Forum Moderators: skibum
I recognize that there are a lot of other variables and uncertainties. Some of them could be cleared up with a few violations of the forum TOS:)
Anyway, my position will be that the site (as-is) is inherently more valuable to them than it is to me. And it would be valuable enough that they would probably want to own it. At the same time, they realize that the site could never be as valuable to me as it will be to them. I should therefore expect that we will arrive at a number somewhere between 1.5*X dollars and 1.5*Y dollars.
(There could be a lot of generalized uncertain ambiguity here! At least I think there might be.)

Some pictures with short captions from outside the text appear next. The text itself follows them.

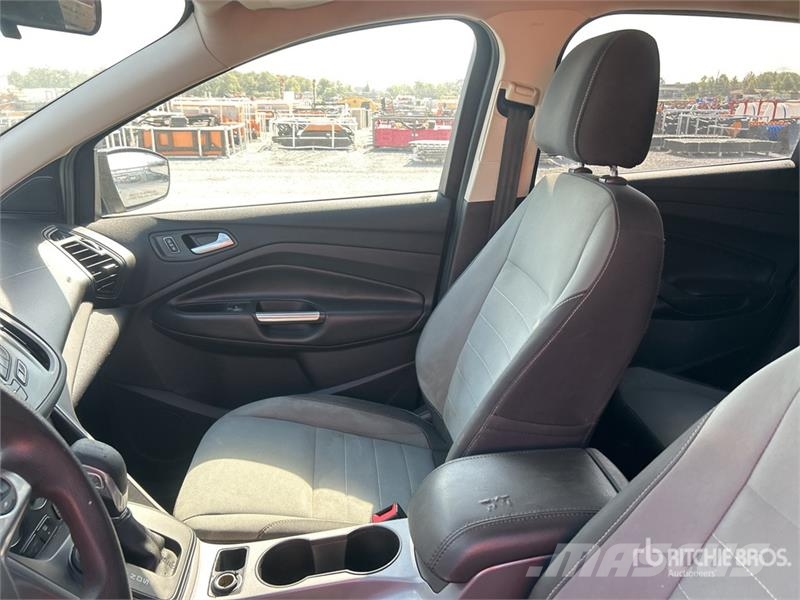 Ford Escape SE 2WD SUV (Inoperable) Cars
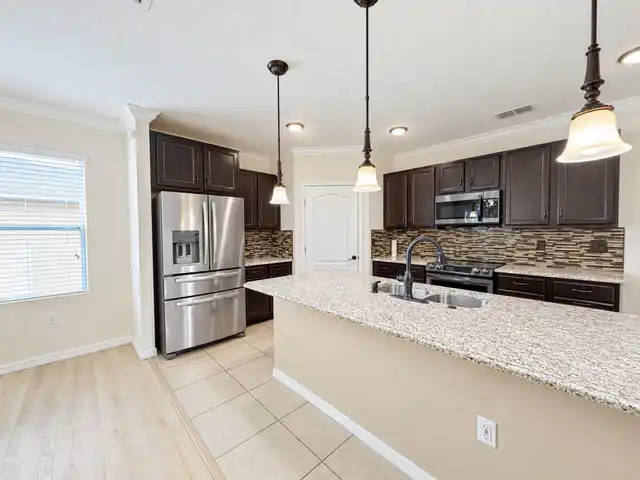 Listing Photo 7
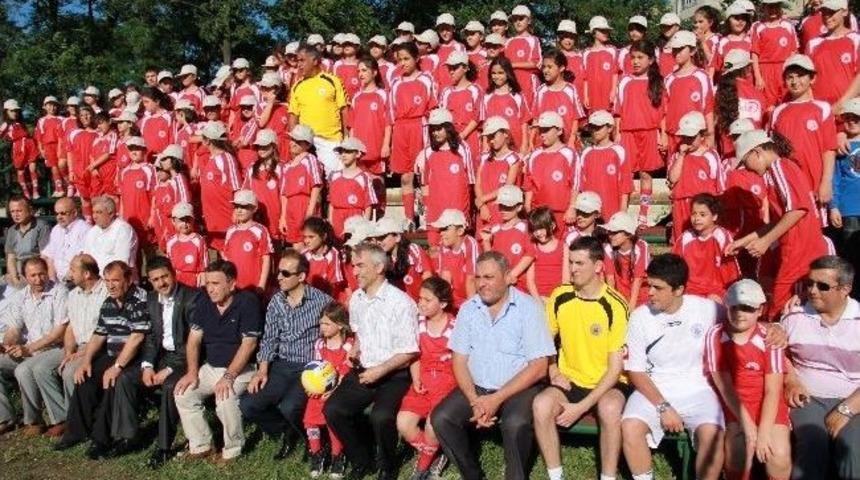 Kağıthaneli Gen&ccedil;lerin Spor Mevsimi Başlıyor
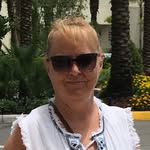 Donna Poole-Rustin - @medonnalovesit - Instagram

rharri, you've raised an excellent point. Do a deal with them. Show them what your site can achieve for them in the next 12 months. THEN start negotiations again. If I was your buyer I'd jump at that idea.
On the other side, if the $3,600 was entirely profit, then probably the upper level would be $50K. This being the amount that a person would have to put into a high interest account to earn $3,600 risk free in a year.

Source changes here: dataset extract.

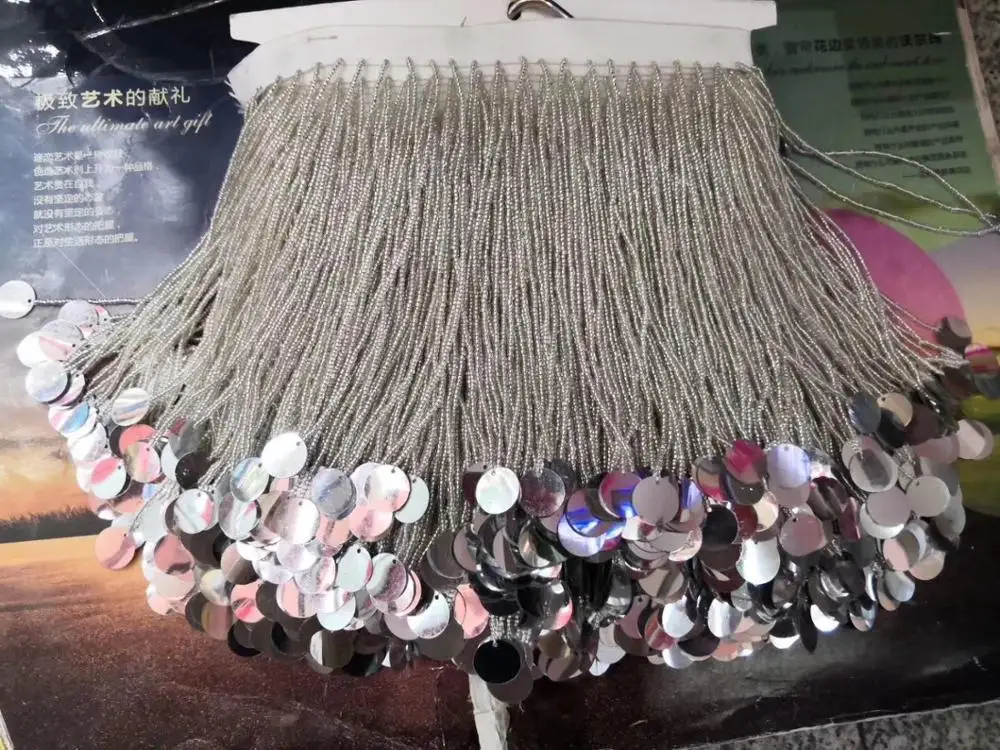 Украшение для костюма из бисера и стекла с блестками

Small flaw in that logic ;-) The interest bearing account will still be worth $50K if I die tomorrow. With a site there are several ways you could lose your entire $50K. Also, the interest bearing account is liquid. I can convert it to cash almost anytime I want.
It may seem like a drop in the bucket in relation to the size of the potential buyer, but big companies didn't get that way by overpaying for acquisitions.
I think you have to look at 3 basic guidelines. They won't give you a number, but can at least give you a framework for thinking about numbers:
1. How much you can earn from the site
2. How much the site can be expected to earn for the new owners - over and above what they could earn by devoting the same amount of promotion to other revenue channels
3. How much it would cost them to build a site roughly equivalent to yours from scratch
History is all you can go on (Ignoring brand here).
Anyone selling saying, "you could do this and that", I say, well you do it then. Why are you selling? If all it needs is promotion, then promote it.
How much would they charge for links off their network?
As a real world example, a friend recently bought a garage. He bought it for about 80% of the sum of 1 years profit, and the cost of the equipment second hand. This is the going rate for a small business. And yes, that is profit not earnings.